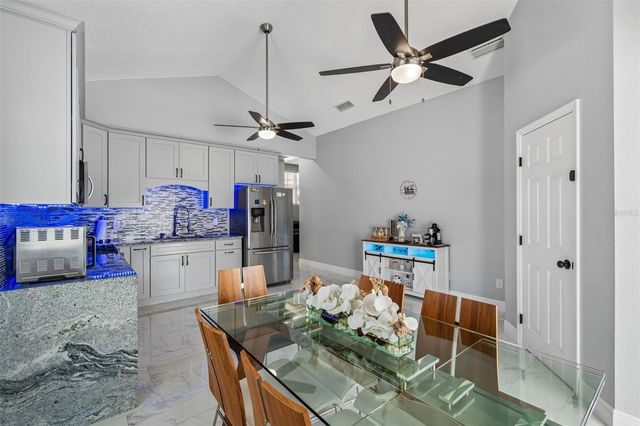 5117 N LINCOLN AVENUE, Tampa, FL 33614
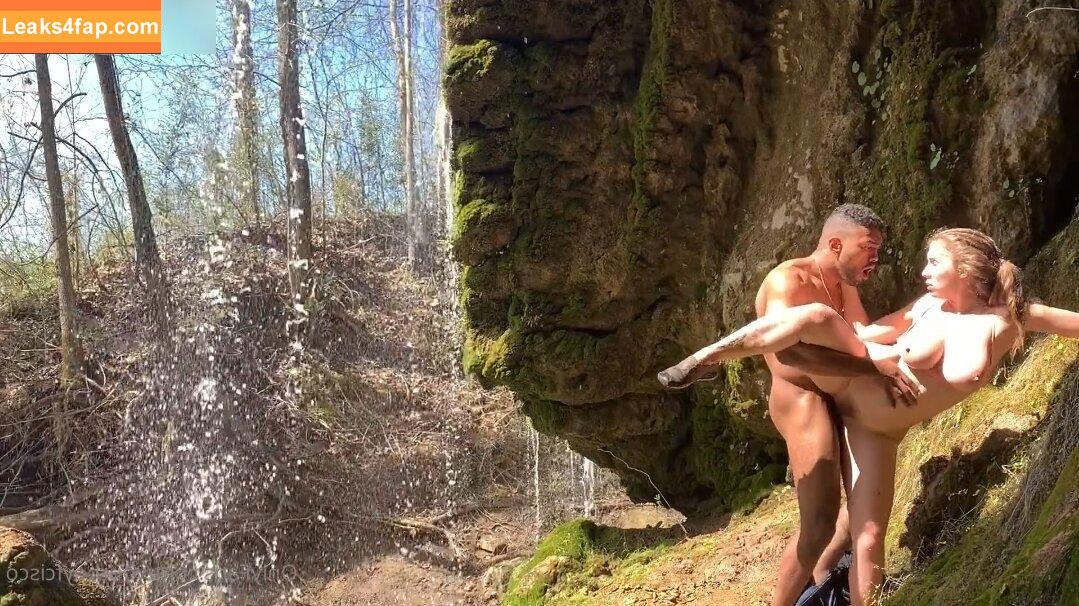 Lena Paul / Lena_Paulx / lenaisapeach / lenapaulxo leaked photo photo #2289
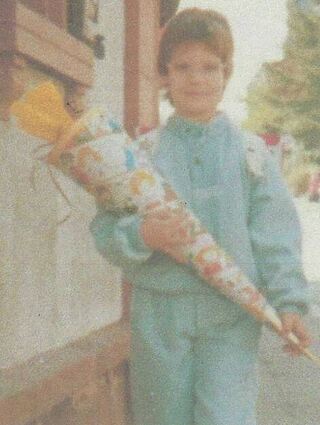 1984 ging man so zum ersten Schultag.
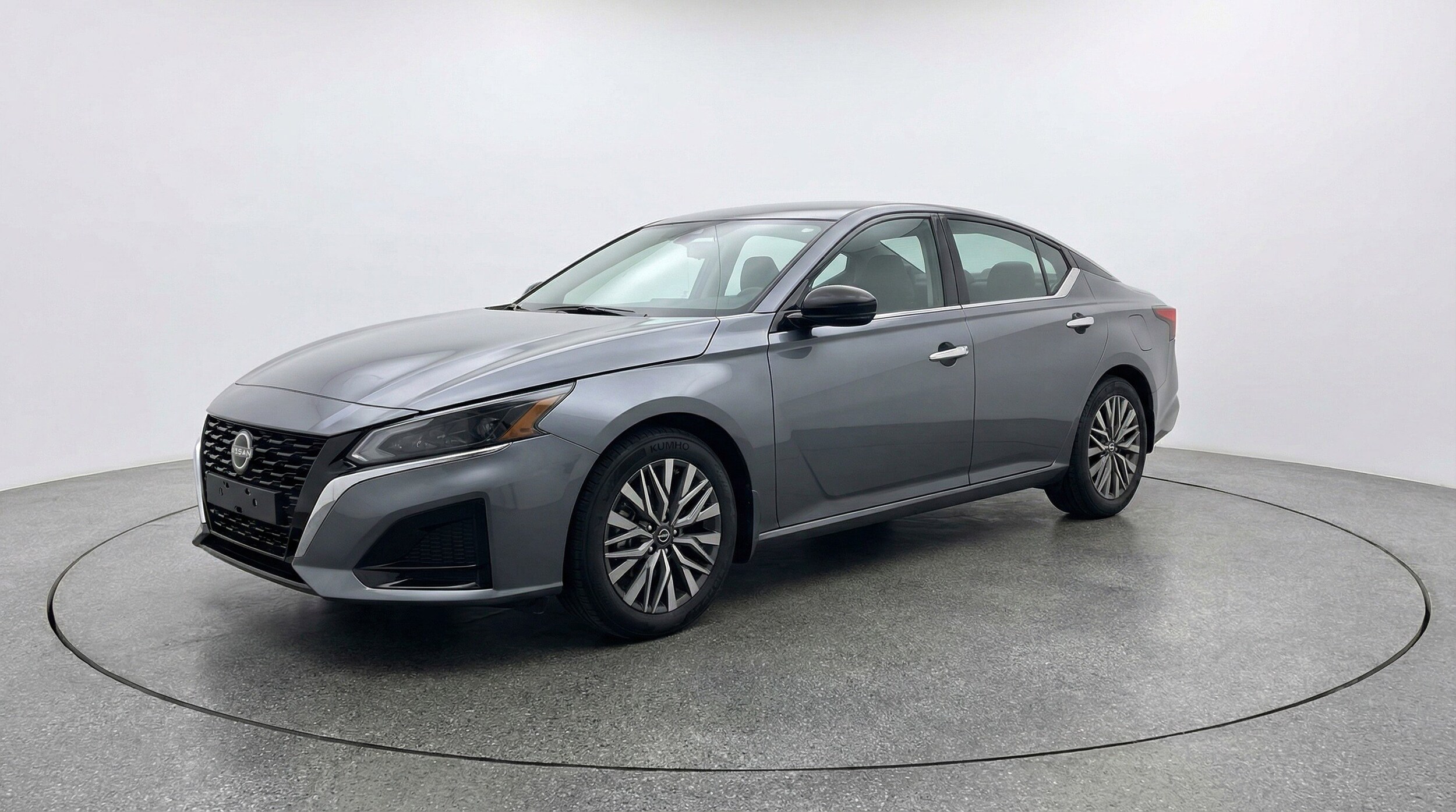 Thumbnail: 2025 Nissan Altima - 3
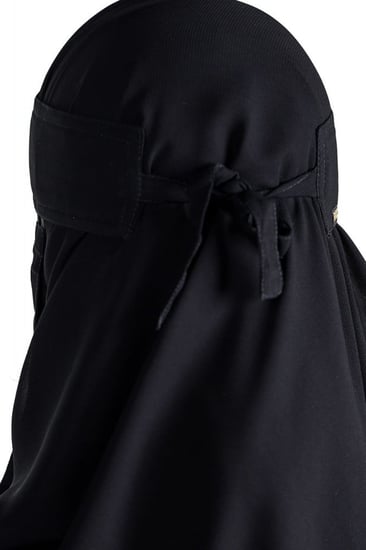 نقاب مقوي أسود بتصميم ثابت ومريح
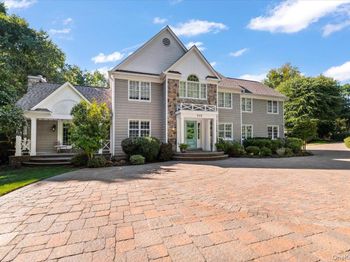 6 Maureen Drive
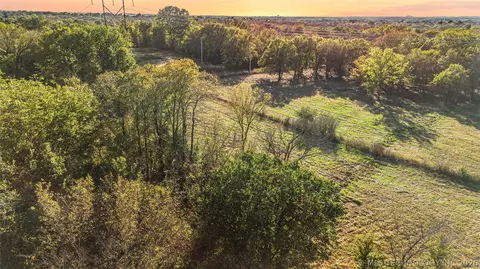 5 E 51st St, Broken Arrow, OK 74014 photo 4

-----

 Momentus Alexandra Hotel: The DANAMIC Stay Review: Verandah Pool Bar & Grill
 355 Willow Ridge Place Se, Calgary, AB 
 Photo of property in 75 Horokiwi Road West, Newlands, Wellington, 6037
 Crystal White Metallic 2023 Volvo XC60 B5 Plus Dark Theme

-----

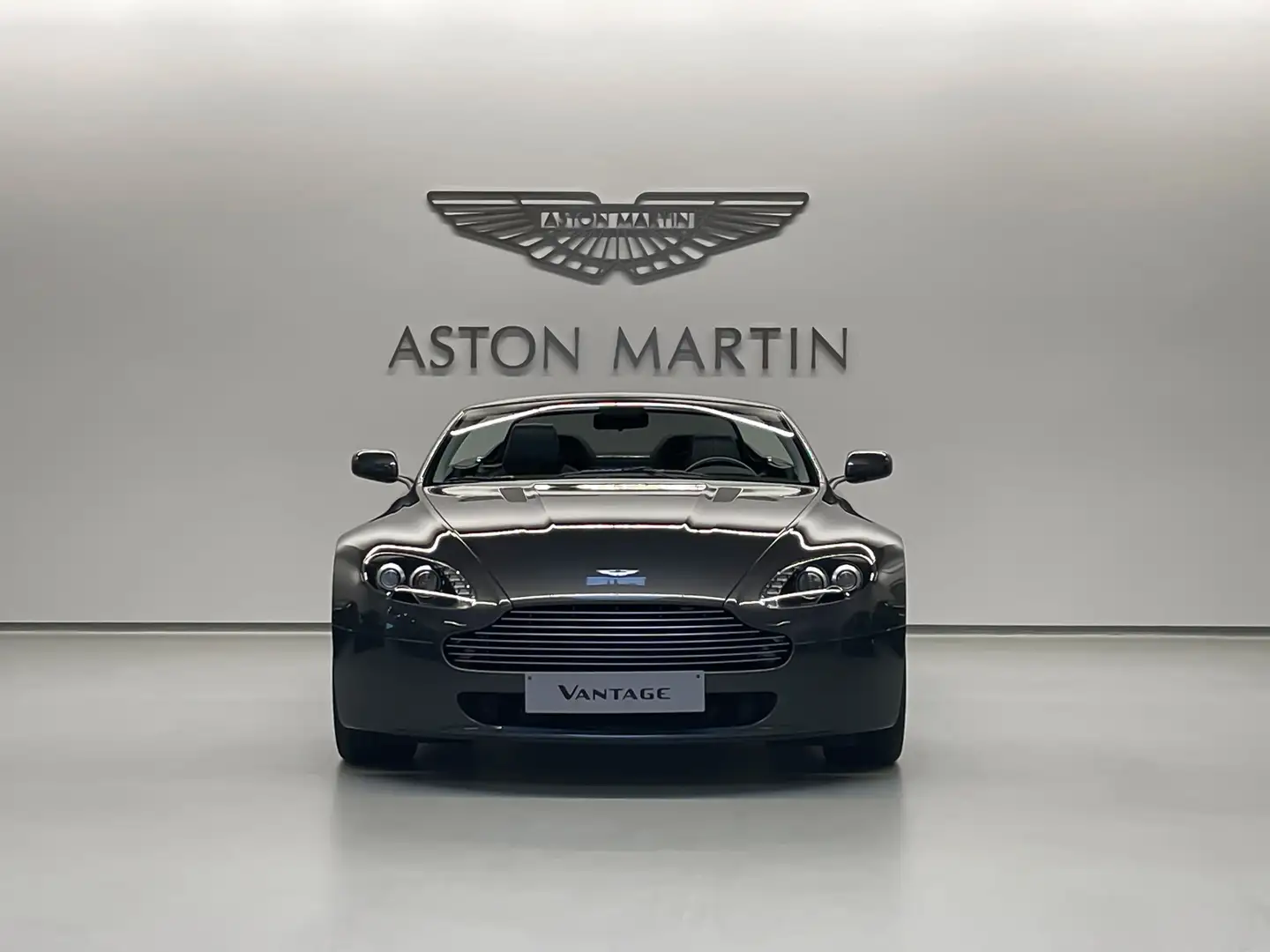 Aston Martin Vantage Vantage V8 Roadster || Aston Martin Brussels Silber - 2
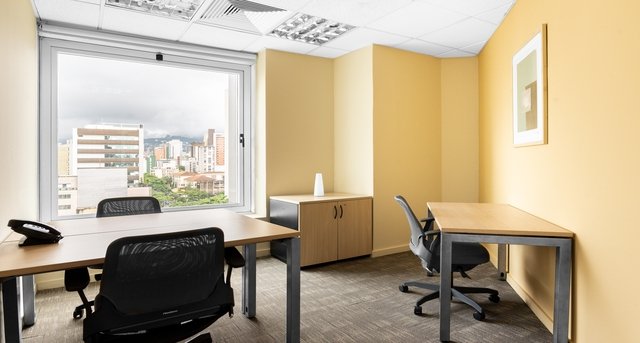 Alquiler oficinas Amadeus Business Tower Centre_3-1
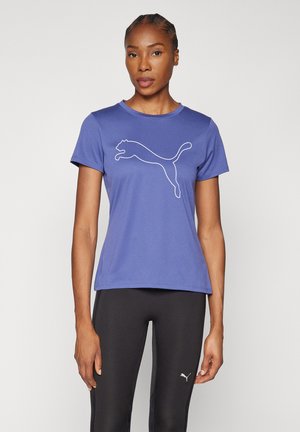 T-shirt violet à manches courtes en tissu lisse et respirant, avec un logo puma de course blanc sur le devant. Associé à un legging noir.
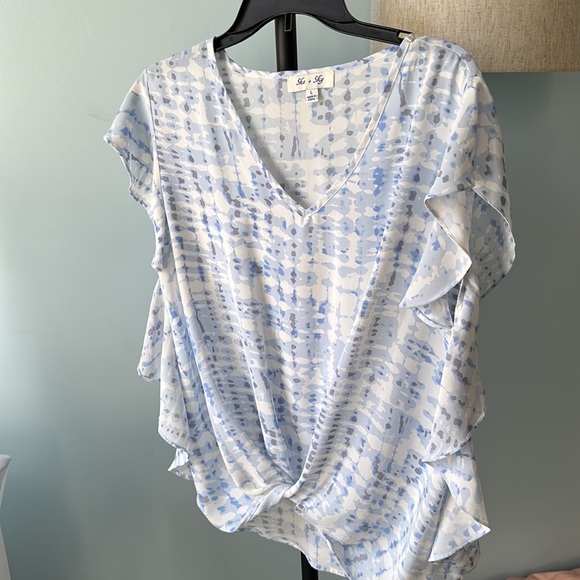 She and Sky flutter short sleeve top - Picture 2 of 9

-----

Exercise goal
Text only, no pictures: please print exactly the lines above from the line with "Lena Paul /" up to and including the line with "5 E 51st St, Broken Arrow, OK 74014 photo 4", and nothing else.

Answer below
 Lena Paul / Lena_Paulx / lenaisapeach / lenapaulxo leaked photo photo #2289
 1984 ging man so zum ersten Schultag.
 Thumbnail: 2025 Nissan Altima - 3
 نقاب مقوي أسود بتصميم ثابت ومريح
 6 Maureen Drive
 5 E 51st St, Broken Arrow, OK 74014 photo 4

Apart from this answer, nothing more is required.